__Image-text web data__
·····

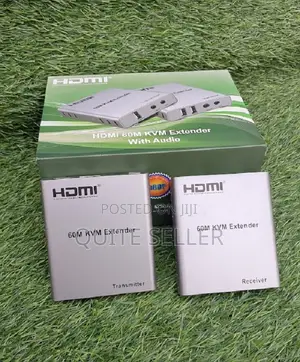 KVM Hdmi Extender 60m Kvm60 - Makes It Easy to Install in Any Setup. .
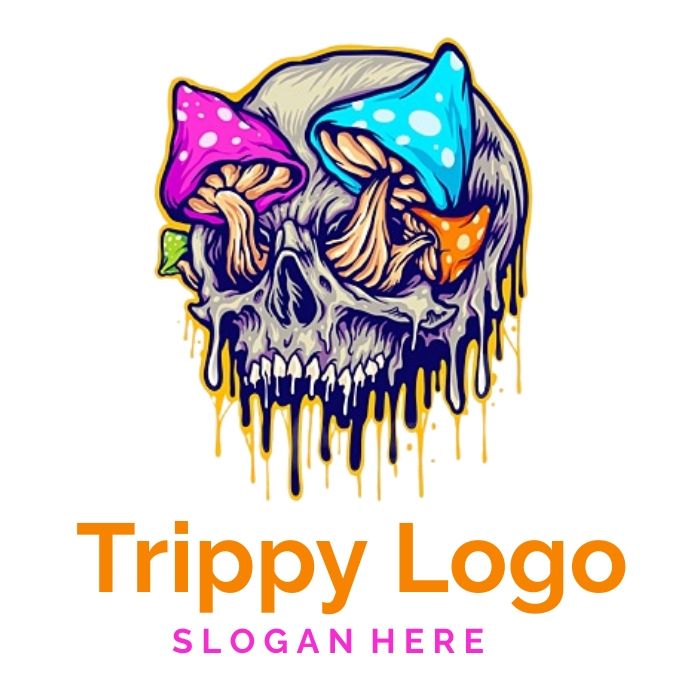 trippy logo hippie logo weed logo , modern tr template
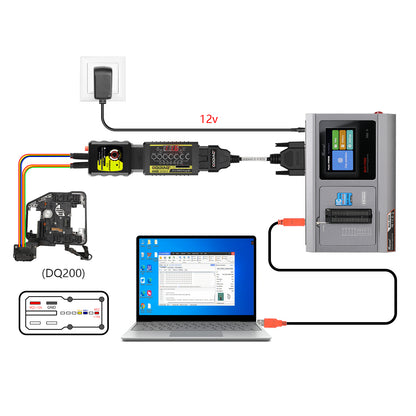 GODIAG G-V ECU Cable for Connecting Xhorse MULTI PROG with GT107 or GT107+ GPT BENCH BOOT to Read & Write Data on VAG Gearbox ECU, Engine ECU
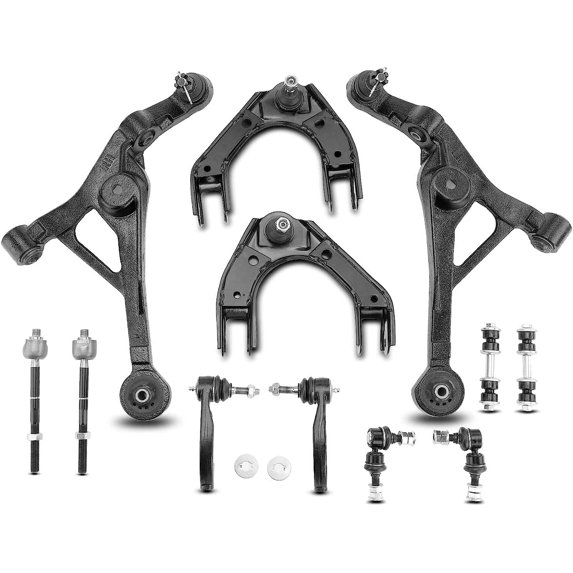 A-Premium 12Pcs Front Suspension Kit Lower Control Arm and Ball Joint Assembly Sway Bar Link Tie Rod End Compatible with Chrysler Cirrus 95-00 Sebring 01-06 Dodge Stratus Plymouth Breeze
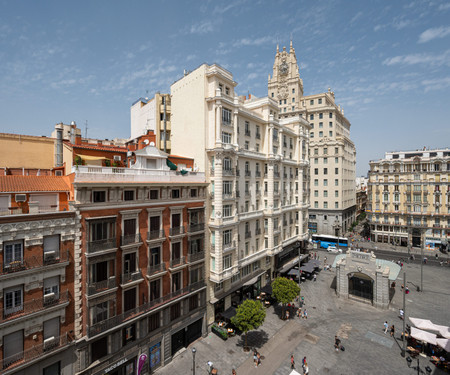 Gran Vía with private sunny terrace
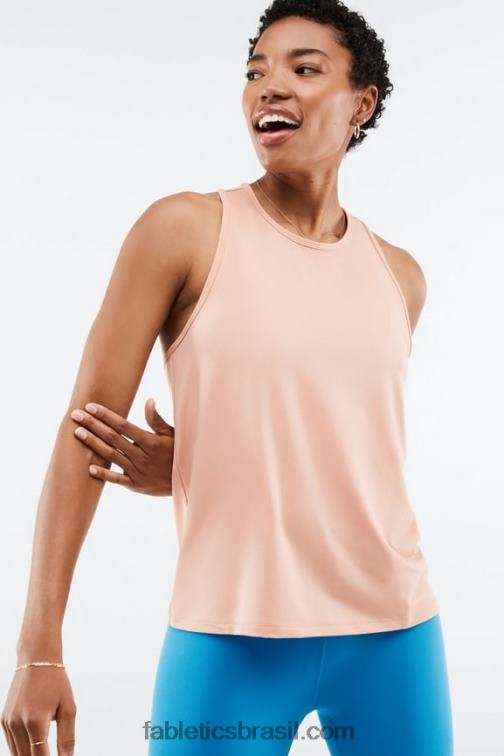 Fabletics madeira de bétula 420HR2316 tanque racerback teagan mulheres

·····

When copying, output the data exactly and leave out the pictures.

__Result__
 KVM Hdmi Extender 60m Kvm60 - Makes It Easy to Install in Any Setup. .
 trippy logo hippie logo weed logo , modern tr template
 GODIAG G-V ECU Cable for Connecting Xhorse MULTI PROG with GT107 or GT107+ GPT BENCH BOOT to Read & Write Data on VAG Gearbox ECU, Engine ECU
 A-Premium 12Pcs Front Suspension Kit Lower Control Arm and Ball Joint Assembly Sway Bar Link Tie Rod End Compatible with Chrysler Cirrus 95-00 Sebring 01-06 Dodge Stratus Plymouth Breeze
 Gran Vía with private sunny terrace
 Fabletics madeira de bétula 420HR2316 tanque racerback teagan mulheres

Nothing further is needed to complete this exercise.